Material shown Start Marker
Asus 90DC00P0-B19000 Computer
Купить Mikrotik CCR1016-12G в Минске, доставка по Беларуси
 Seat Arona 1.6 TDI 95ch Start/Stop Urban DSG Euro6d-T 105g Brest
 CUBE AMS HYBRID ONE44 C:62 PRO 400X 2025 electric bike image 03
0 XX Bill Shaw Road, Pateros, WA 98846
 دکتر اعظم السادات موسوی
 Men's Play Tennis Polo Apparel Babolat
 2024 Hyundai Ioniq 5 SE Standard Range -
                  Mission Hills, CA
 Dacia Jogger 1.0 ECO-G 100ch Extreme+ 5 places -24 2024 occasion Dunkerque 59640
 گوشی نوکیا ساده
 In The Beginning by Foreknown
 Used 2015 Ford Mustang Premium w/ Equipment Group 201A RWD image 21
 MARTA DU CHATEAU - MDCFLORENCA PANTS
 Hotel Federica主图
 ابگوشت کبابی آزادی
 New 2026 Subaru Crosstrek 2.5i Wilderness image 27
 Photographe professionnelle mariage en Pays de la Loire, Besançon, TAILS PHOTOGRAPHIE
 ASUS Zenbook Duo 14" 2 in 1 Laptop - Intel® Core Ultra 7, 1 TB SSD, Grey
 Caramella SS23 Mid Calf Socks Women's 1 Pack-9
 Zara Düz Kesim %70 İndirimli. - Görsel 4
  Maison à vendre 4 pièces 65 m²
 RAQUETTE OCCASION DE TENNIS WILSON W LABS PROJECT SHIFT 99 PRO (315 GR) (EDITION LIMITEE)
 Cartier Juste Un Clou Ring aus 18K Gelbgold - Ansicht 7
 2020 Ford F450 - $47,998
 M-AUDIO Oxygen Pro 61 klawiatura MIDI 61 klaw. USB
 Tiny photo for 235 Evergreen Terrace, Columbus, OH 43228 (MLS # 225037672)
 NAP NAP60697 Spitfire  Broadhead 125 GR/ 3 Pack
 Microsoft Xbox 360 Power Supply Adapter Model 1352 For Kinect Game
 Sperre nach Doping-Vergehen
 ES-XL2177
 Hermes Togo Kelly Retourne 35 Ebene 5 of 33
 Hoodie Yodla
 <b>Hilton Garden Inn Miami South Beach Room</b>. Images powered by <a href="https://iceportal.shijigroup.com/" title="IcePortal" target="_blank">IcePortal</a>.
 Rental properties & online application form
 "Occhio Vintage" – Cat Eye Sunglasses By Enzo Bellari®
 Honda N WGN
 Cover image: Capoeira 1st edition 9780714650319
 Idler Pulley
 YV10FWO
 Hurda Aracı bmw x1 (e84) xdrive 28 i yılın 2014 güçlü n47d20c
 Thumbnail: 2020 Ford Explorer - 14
Material shown End Marker
#### [Assignment]
For this exercise, output the records in full, exactly.

#### [Expected answer]
Asus 90DC00P0-B19000 Computer
Купить Mikrotik CCR1016-12G в Минске, доставка по Беларуси
 Seat Arona 1.6 TDI 95ch Start/Stop Urban DSG Euro6d-T 105g Brest
 CUBE AMS HYBRID ONE44 C:62 PRO 400X 2025 electric bike image 03
0 XX Bill Shaw Road, Pateros, WA 98846
 دکتر اعظم السادات موسوی
 Men's Play Tennis Polo Apparel Babolat
 2024 Hyundai Ioniq 5 SE Standard Range -
                  Mission Hills, CA
 Dacia Jogger 1.0 ECO-G 100ch Extreme+ 5 places -24 2024 occasion Dunkerque 59640
 گوشی نوکیا ساده
 In The Beginning by Foreknown
 Used 2015 Ford Mustang Premium w/ Equipment Group 201A RWD image 21
 MARTA DU CHATEAU - MDCFLORENCA PANTS
 Hotel Federica主图
 ابگوشت کبابی آزادی
 New 2026 Subaru Crosstrek 2.5i Wilderness image 27
 Photographe professionnelle mariage en Pays de la Loire, Besançon, TAILS PHOTOGRAPHIE
 ASUS Zenbook Duo 14" 2 in 1 Laptop - Intel® Core Ultra 7, 1 TB SSD, Grey
 Caramella SS23 Mid Calf Socks Women's 1 Pack-9
 Zara Düz Kesim %70 İndirimli. - Görsel 4
  Maison à vendre 4 pièces 65 m²
 RAQUETTE OCCASION DE TENNIS WILSON W LABS PROJECT SHIFT 99 PRO (315 GR) (EDITION LIMITEE)
 Cartier Juste Un Clou Ring aus 18K Gelbgold - Ansicht 7
 2020 Ford F450 - $47,998
 M-AUDIO Oxygen Pro 61 klawiatura MIDI 61 klaw. USB
 Tiny photo for 235 Evergreen Terrace, Columbus, OH 43228 (MLS # 225037672)
 NAP NAP60697 Spitfire  Broadhead 125 GR/ 3 Pack
 Microsoft Xbox 360 Power Supply Adapter Model 1352 For Kinect Game
 Sperre nach Doping-Vergehen
 ES-XL2177
 Hermes Togo Kelly Retourne 35 Ebene 5 of 33
 Hoodie Yodla
 <b>Hilton Garden Inn Miami South Beach Room</b>. Images powered by <a href="https://iceportal.shijigroup.com/" title="IcePortal" target="_blank">IcePortal</a>.
 Rental properties & online application form
 "Occhio Vintage" – Cat Eye Sunglasses By Enzo Bellari®
 Honda N WGN
 Cover image: Capoeira 1st edition 9780714650319
 Idler Pulley
 YV10FWO
 Hurda Aracı bmw x1 (e84) xdrive 28 i yılın 2014 güçlü n47d20c
 Thumbnail: 2020 Ford Explorer - 14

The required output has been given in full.